Loading the libraries
import pandas as pd
2 Separate
2.1 via map - function
Map property applies changes to every element of a column
string_manipulation = pd.DataFrame({'Name': ['1.Anton', '2.Susi', '3.Moni', '4.Renate'],
'Alter': [32,22,62,44],
'Gehalt': [4700, 2400,4500,2500]})
string_manipulation
show_map = string_manipulation.copy()
show_map
Cleanup of the “Name” column
show_map.Name = show_map.Name.map(lambda x: x.split('.')[1])
show_map
Background info how .split works:
x = 'I.am.a.test'
y = x.split('.')
print (y)
z = x.split('.')[1]
print (z)
2.2 via string function
show_str_split = string_manipulation.copy()
show_str_split
new = show_str_split["Name"].str.split(".", n = 1, expand = True)
new
show_str_split["MA-Nummer"]= new[0]
show_str_split["MA-Name"]= new[1]
show_str_split
Exclude unnecessary columns
small_show_str_split = show_str_split.drop(columns=['Name', 'MA-Nummer'])
small_show_str_split
New arrangement of columns
clist = list(small_show_str_split.columns)

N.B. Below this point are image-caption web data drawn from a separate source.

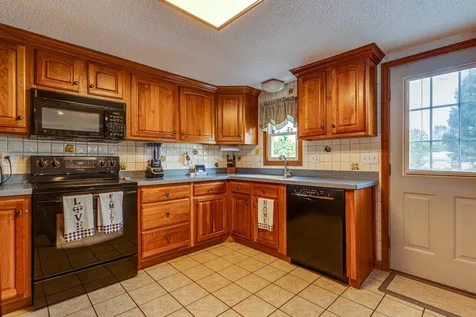 8 Chesley Avenue Somersworth NH 03878
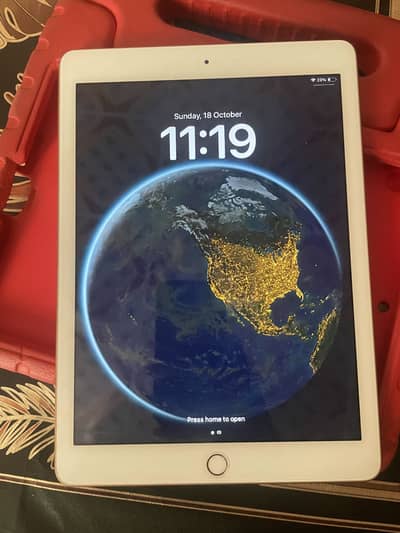 Ipad 6th generation 32 gb water pack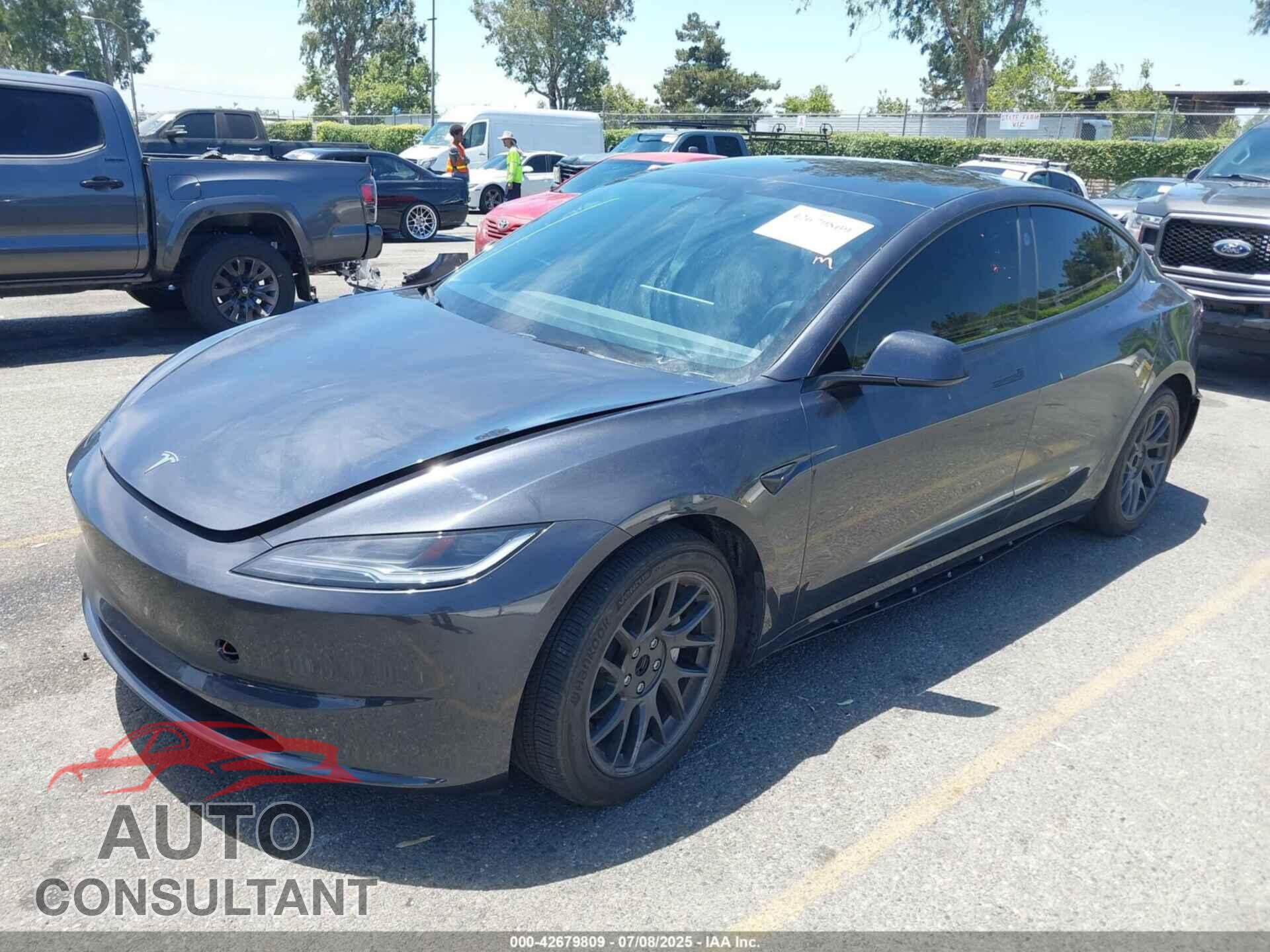 TESLA MODEL 3 2024 - 5YJ3E1EA2RF726785
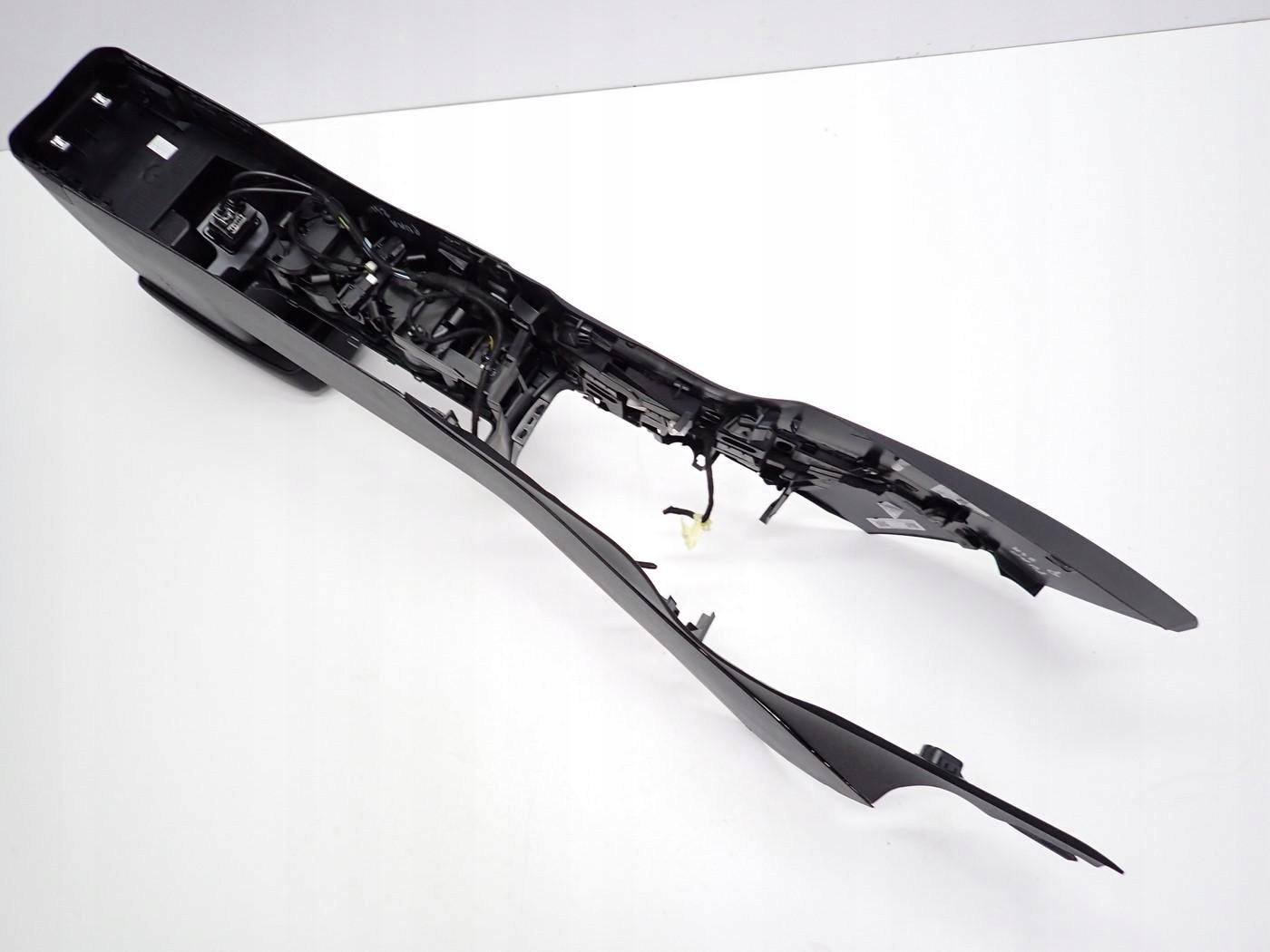 тунель подлокотник европа оригинал H1BB-A046B26-AD FORD PUMA II MK2 24R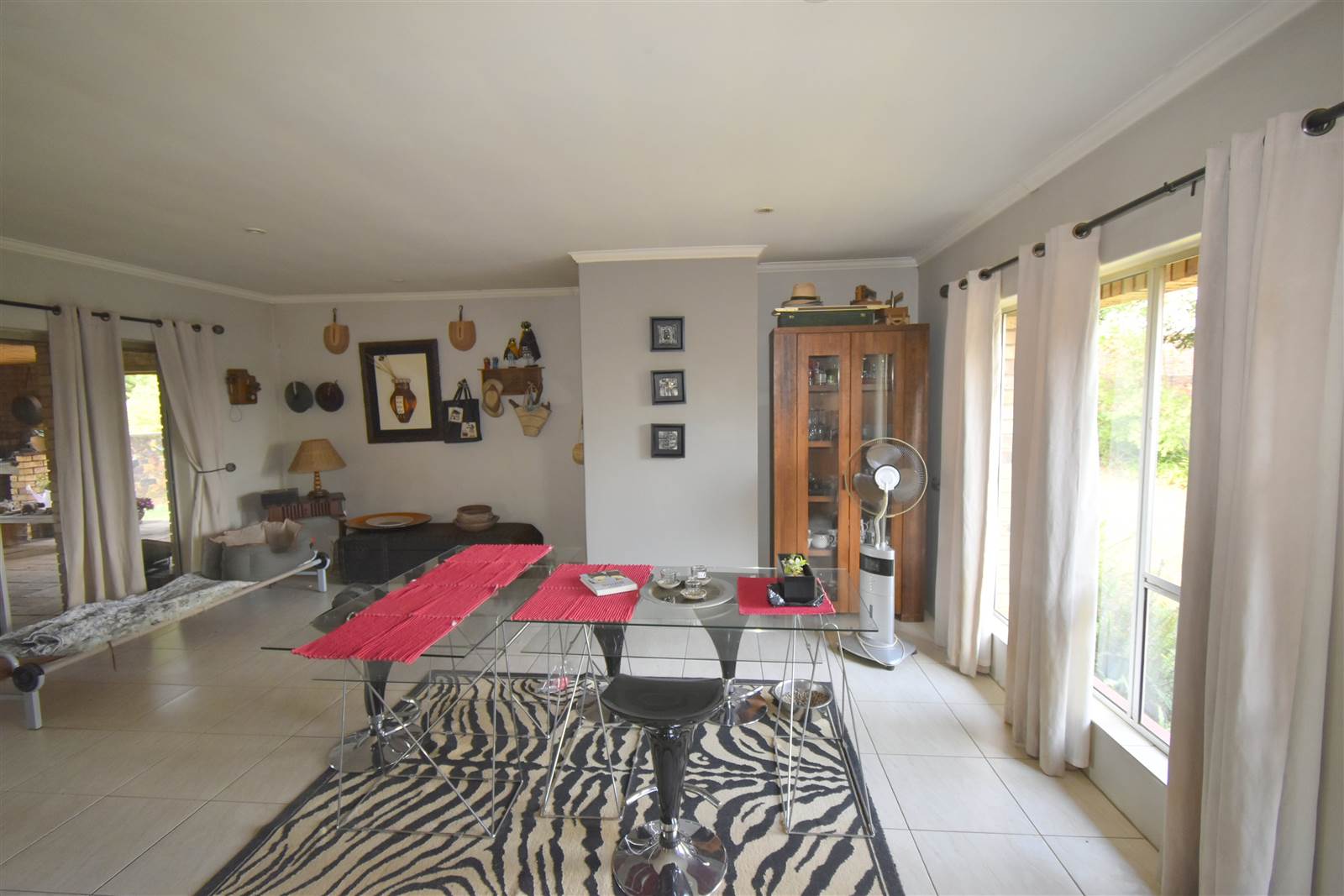 4 Bed House in Waterkloof Heights photo number 2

clist_new = clist[-1:]+clist[:-1]
small_show_str_split = small_show_str_split[clist_new]
small_show_str_split
3 Unite
3.1 two columns
df = pd.DataFrame({'Year': ['2014', '2015'], 'quarter': ['q1', 'q2']})
df
df['period'] = df[['Year','quarter']].apply(lambda x : '{}{}'.format(x[0],x[1]), axis=1)
df
3.2 three and more columns
df = pd.DataFrame([['USA', 'Nevada', 'Las Vegas'], ['Brazil', 'Pernambuco', 'Recife']], columns=['Country', 'State', 'City'],)
df
df['AllTogether'] = df[['Country','State', 'City']].apply(lambda x : '{},
{} & {}'.format(x[0],x[1],x[2]), axis=1)
df
4 add_prefix
show_prefix2 = small_show_str_split.copy()
show_prefix2
show_prefix2['MA-Name'] = show_prefix2['MA-Name'].apply(lambda x: "{}{}".format('MA: ', x))
show_prefix2
5 add_suffix
show_suffix = show_prefix2.copy()
show_suffix
show_suffix['Betriebszugehörigkeit'] = show_suffix['Betriebszugehörigkeit'].apply(lambda x: "{}{}".format(x, ' Jahre'))
show_suffix
6 Conclusion
This was a small insight into the subject of string manipulation.